More than 10,000 people have gathered under a bridge connecting Del Rio in Texas to Mexico’s Ciudad Acuña.
Local officials have struggled to provide them with enough food or services.
Some 2,000 people were moved to immigration and processing stations on Friday.
The US government says it plans to fly the migrants back to where they began their journeys.
Flights are expected to start on Sunday, with the US currently negotiating returns with the countries in question.
The Department for Homeland Security said in a statement that the transfers will continue “in order to ensure that irregular migrants are swiftly taken into custody, processed and removed from the United States consistent with our laws and policy”.
It added that US Customs and Border Protection is sending 400 additional agents to Del Rio, a city with a population of roughly 35,000.
Del Rio’s Mayor Bruno Lozano has declared a state of emergency, and described the situation as “unprecedented” and “surreal”. He said border patrol had been overwhelmed and that “agitated” migrants were living in impossible conditions.
The makeshift camp at Del Rio has few basic services, and migrants waiting in temperatures of 37C (99F), have been wading back across the river into Mexico to get supplies.
The migrants are mostly Haitians, with some Cubans, Peruvians, Venezuelans and Nicaraguans also present, reports say.
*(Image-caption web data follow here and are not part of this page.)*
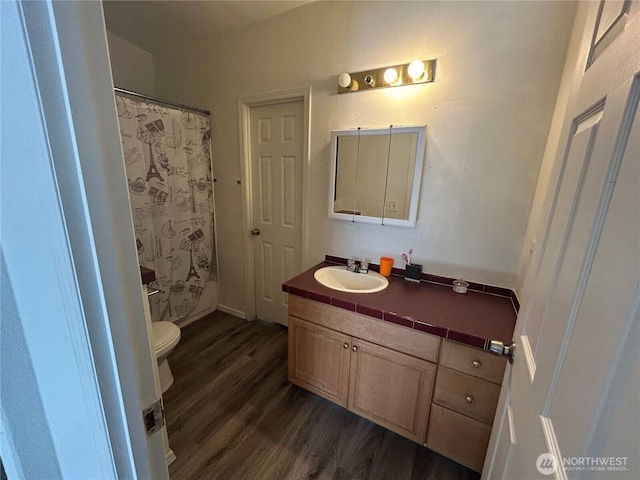 bathroom with toilet, a shower with shower curtain, wood finished floors, and vanity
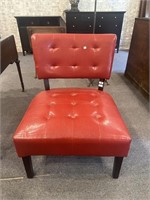 Red tufted chair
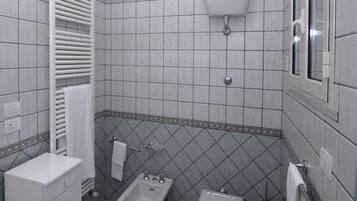 Une salle de bain équipée d’un bidet, de toilettes, d’un porte-serviettes et d’un meuble blanc.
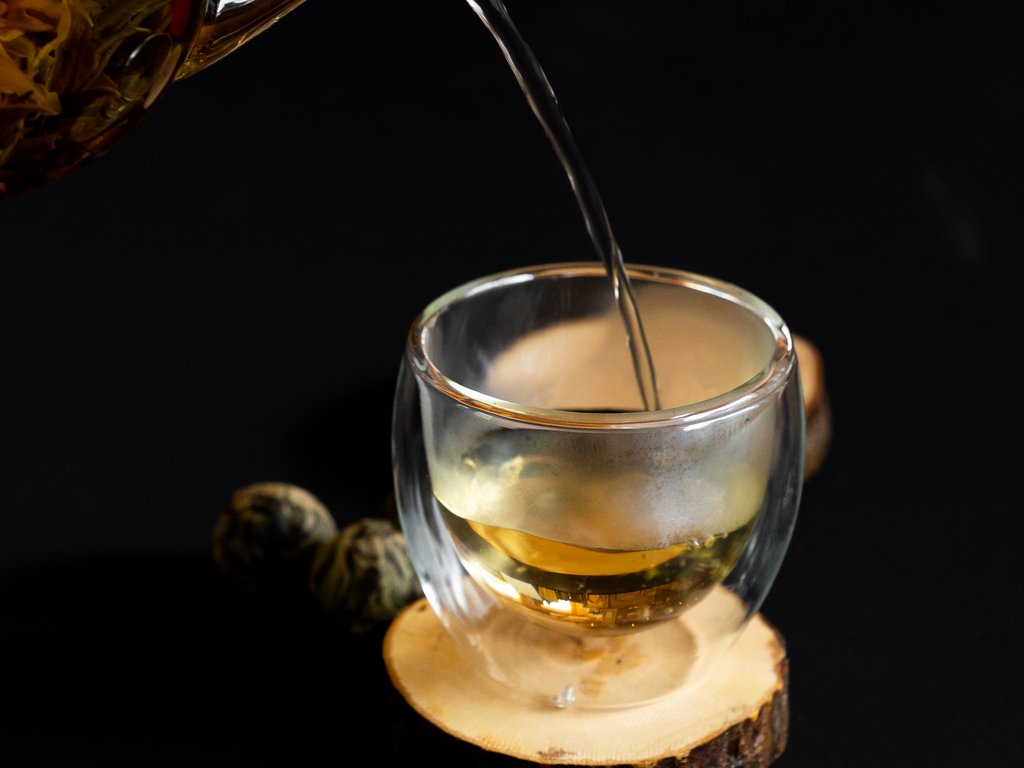 Val di Fassa e ciclabile: da ammirare dal cocktail & tea bar Tè versato da una teiera in vetro in una tazza su una base di legno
Many Haitians left the country after a devastating earthquake in 2010, with many finding work in South America.
The migrants make the dangerous trek on foot, by car and bus to the US border – some crossing the Rio Grande.
The US government has been facing a surge of migrants at the border this year.
The number of migrants detained at the US-Mexico border in July exceeded 200,000 for the first time in 21 years, according to government data.